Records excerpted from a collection

************

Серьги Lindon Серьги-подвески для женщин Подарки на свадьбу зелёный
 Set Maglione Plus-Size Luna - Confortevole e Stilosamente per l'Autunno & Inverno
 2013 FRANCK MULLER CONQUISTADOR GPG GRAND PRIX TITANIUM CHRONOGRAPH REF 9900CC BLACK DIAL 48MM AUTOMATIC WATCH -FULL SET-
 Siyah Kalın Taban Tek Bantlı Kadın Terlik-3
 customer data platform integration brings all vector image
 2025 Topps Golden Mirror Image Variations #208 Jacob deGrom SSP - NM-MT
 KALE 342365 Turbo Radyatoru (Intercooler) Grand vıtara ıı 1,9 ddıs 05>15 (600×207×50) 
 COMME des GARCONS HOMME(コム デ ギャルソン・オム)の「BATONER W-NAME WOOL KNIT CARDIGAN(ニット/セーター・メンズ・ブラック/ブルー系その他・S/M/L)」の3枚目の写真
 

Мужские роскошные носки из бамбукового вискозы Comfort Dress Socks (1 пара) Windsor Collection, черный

************

DIRECTIONS FOR THIS TASK: The response should consist of every record above, reproduced exactly.

WRITTEN ANSWER:
Серьги Lindon Серьги-подвески для женщин Подарки на свадьбу зелёный
 Set Maglione Plus-Size Luna - Confortevole e Stilosamente per l'Autunno & Inverno
 2013 FRANCK MULLER CONQUISTADOR GPG GRAND PRIX TITANIUM CHRONOGRAPH REF 9900CC BLACK DIAL 48MM AUTOMATIC WATCH -FULL SET-
 Siyah Kalın Taban Tek Bantlı Kadın Terlik-3
 customer data platform integration brings all vector image
 2025 Topps Golden Mirror Image Variations #208 Jacob deGrom SSP - NM-MT
 KALE 342365 Turbo Radyatoru (Intercooler) Grand vıtara ıı 1,9 ddıs 05>15 (600×207×50) 
 COMME des GARCONS HOMME(コム デ ギャルソン・オム)の「BATONER W-NAME WOOL KNIT CARDIGAN(ニット/セーター・メンズ・ブラック/ブルー系その他・S/M/L)」の3枚目の写真
 

Мужские роскошные носки из бамбукового вискозы Comfort Dress Socks (1 пара) Windsor Collection, черный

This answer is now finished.